As I tried again, it was again misplaced to a completely different subject.
- May 20, 2013 at 9:48 am #113829JackBeanParticipant
to different subject or different page?
- May 23, 2013 at 6:29 am #113850hydrParticipant
I Don’t know that god doesn’t exist, just being a science major I see all the evidence that points otherwise. maybe aliens created"GOD" who knows.
- June 11, 2013 at 3:54 pm #113941thoffnagleParticipantquote jeremiah_1990:
I didn’t read through the thread but I hope that someone asked the following questions:
1 – What evidence do you have to support the existence of your god?
If you have no evidence for your god, then you have to go with another hypothesis. Darwin’s Theory of Evolution by Natural Selection explains very well how life evolved, once it had already began. There are several hypotheses to explain how life began – admittedly, they all have flaws but they all follow the laws of physics and are, therefore, explainable. In fact, the entire process from Big Bang to humans (why are we always thought of as the epitome of life? It’s a totally unsupportable view.) is explainable by the laws of physics. So,
2 – Why do you reject these explainable hypotheses?

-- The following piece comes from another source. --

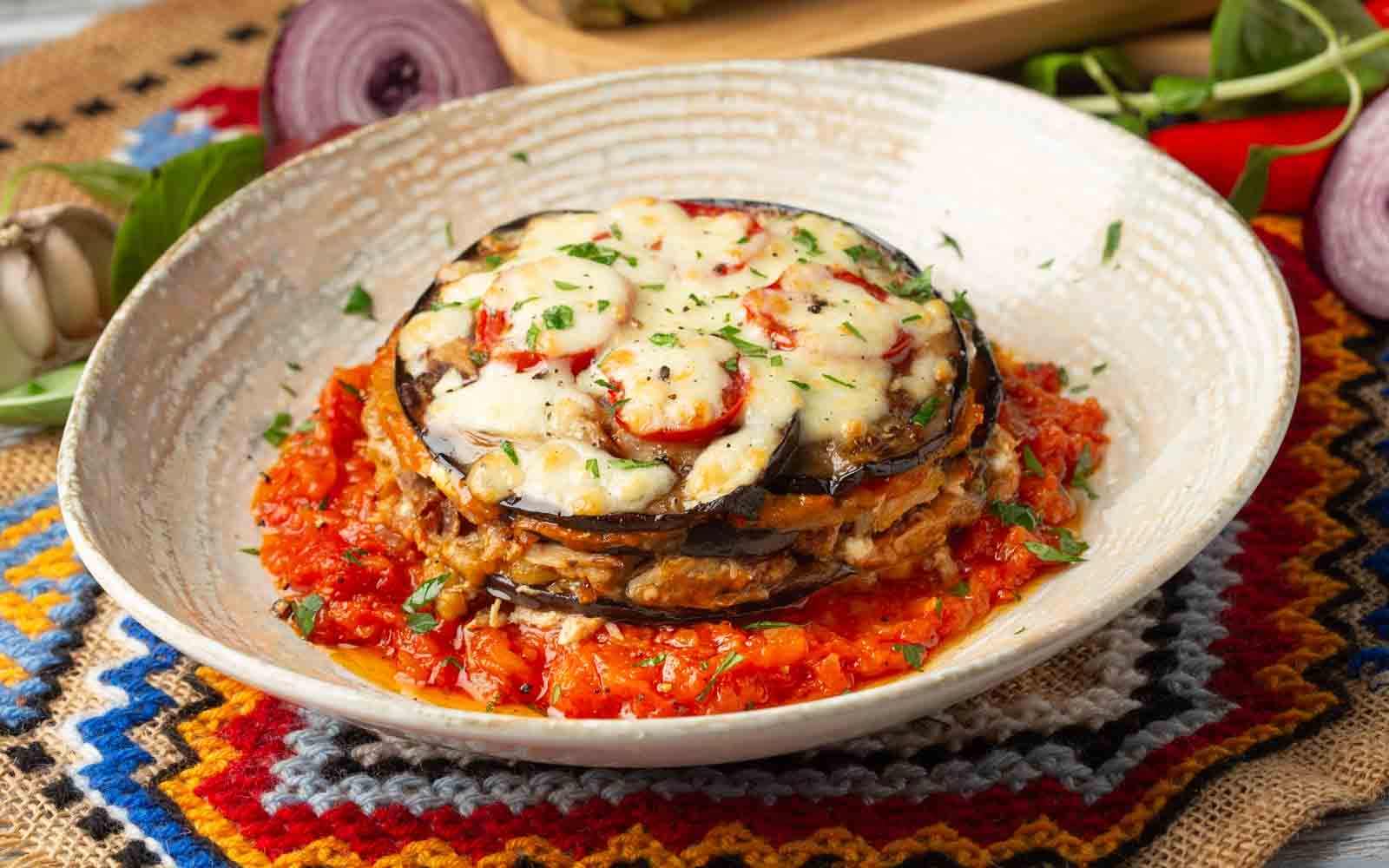 Baked eggplant with tomatoes and cheese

Lastly, please learn the scientific definition for the word "theory"! If you’re going to use it in a scientific context, you should know how to do so. Even the fundiots at Answers in Genesis know how to use it. If you are behind even AiG, then you really should catch up to the 20th, if not the 21st century!
- November 9, 2013 at 9:42 pm #114702RabbitPhilosopherParticipantquote jeremiah_1990:
Whether or not human existence is a freak accident evolution by natural selection IS a scientific theory that at present best explains biodiversity and it hasn’t been shown to be incorrect. "God created the universe and everything in it" is not a scientific theory, it explains absolutely nothing.
- November 22, 2013 at 6:24 pm #114771NMLevesqueParticipantquote jeremiah_1990:
Which god? What or who created this god? And finally what evidence do you have to support this conclusion?
Side note: The theory of biological evolution does not preclude a person from believing in a god(s).
You presented a false dichotomy here, I don’t think our existence is an accident nor that we were created for a purpose. There are plenty of other options to choose from, here’s one:
We are the result of a naturalistic process in which life adapted to it’s environment (climate, geography, flora, fauna, etc) and the selective pressures it imposed on the ancestors of our extant lineage, thus we are a direct result of the conditions of the Earth, more specifically east Africa a few hundred thousand years ago. Evolution is itself an observable fact corroborated by a comprehensive concordance of facts (independently verifiable observations) from a variety of fields which we’ve uncovered as a result of the best methodology we have for discerning the nature of reality (the scientific method). It is also something that has made accurate testable predictions, and which has yet to be falsified despite ample opportunities and attempts to do so. Simply put it is the best theory we have, and as a pragmatic and skeptical person, it is the most logical position to take.
- November 28, 2013 at 2:07 am #114795supersapienParticipant
For all the people who say that religion and science can exist together and compliment each other, I would like to point out that, in science, things are accepted as a theory or fact when there is substantial evidence that is testable. The problem with God is that there is no evidence whatsoever that is testable and conclusive. It is always personal hallucinations that make someone feel and believe in God. So science and religion are incompatible.
You might, however, find some verses in scriptures that may relate to science but a number of them are totally against science, un-testable.
What I personally feel is that when people are not able to get answers to questions (regarding the nature, purpose of life, etc.), they tend to start believing in god, because it is the easy way out. Why not work to find the truth instead of just believing what scriptures say? Scriptures might just be some works of literature which we assume to be true.
I’m an atheist and that’s because I understand science. Science asks us to question everything and I did and god seemed so improbable to me.